In 2005, Gallo curated a weekend of show at the All Tomorrow's Parties festival in the U.K., booking Yoko Ono, Frusciante (Gallo, coincidentally, toured in 2001 with a band that included Frusciante's Chili Peppers replacement, Josh Klinghoffer) and Yoko Ono (Gallo and Ono's son Sean Lennon also made an album around that time that has yet to be released).
Here's the first song on his 2001 solo album When, "I Wrote This Song For the Girl Paris Hilton" (for no clear reason).
Dave Wakeling brings the current version of his legendary Ska-to-Pop band The English Beat to Oakley tonight to perform at the 20th Century Theater with special guests, Cincinnati's own Ska heroes The Pinstripes (who played with The Beat in Michigan last night as well).

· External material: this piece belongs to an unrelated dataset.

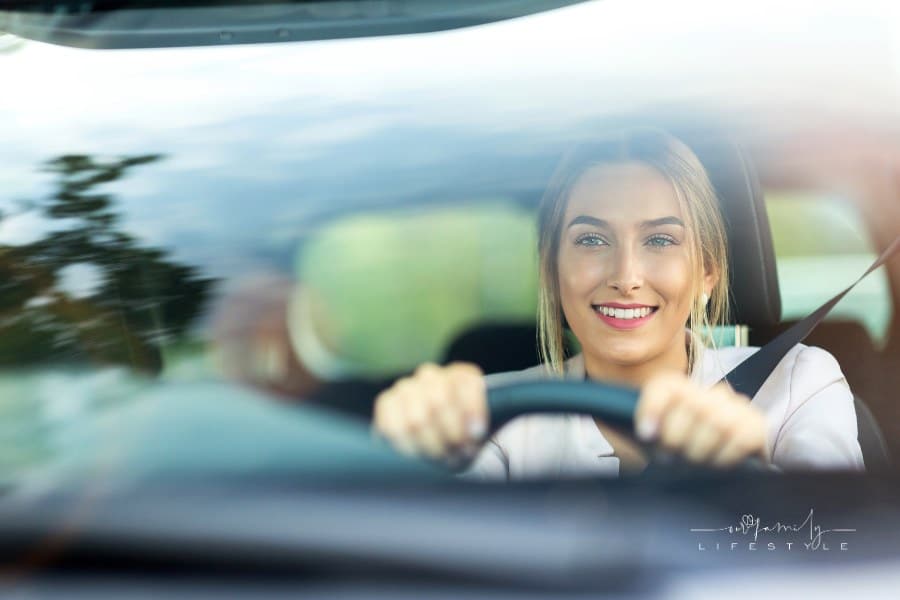 Woman driving a car; view from in front of windshield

I wrote extensively about an interview I did with Wakeling a few years back when The Beat opened for 311 at Riverbend, one of the Top 5 highlights in my career as a music writer (my 13-year-old self is still in disbelief that my … much older self got to hang with one of our heroes). Read all about my fanboy dreams coming true here.
Tonight's show starts at 8 p.m. and tickets are $25.
Here's a playlist of some of The English Beat's finer moments (and a track from Wakeling's post-Beat band General Public, songs from which he also performs with his current band).
On this day in 1956, innovative guitar builder Leo Fender was awarded the patent for a "Tremolo Device for Stringed Instruments," commonly known as the "whammy bar." The device was misnamed — it's more accurately a vibrato bar (tremolo is a "wavering effect in a musical tone, produced by rapid reiteration of a note, by rapid repeated variation in the pitch of a note," according to the dictionary) — but that didn't stop musicians from using it in a variety of ways to create new sounds and techniques. The bar was introduced with Fender's Stratocaster, which was invented a couple of years earlier.
The Greater Cincinnati area has given the world two "twang bar kings" (or maybe "twang bar Picassos" is more appropriate) —pals and bandmates in The Bears, Adrian Belew and Rob Fetters.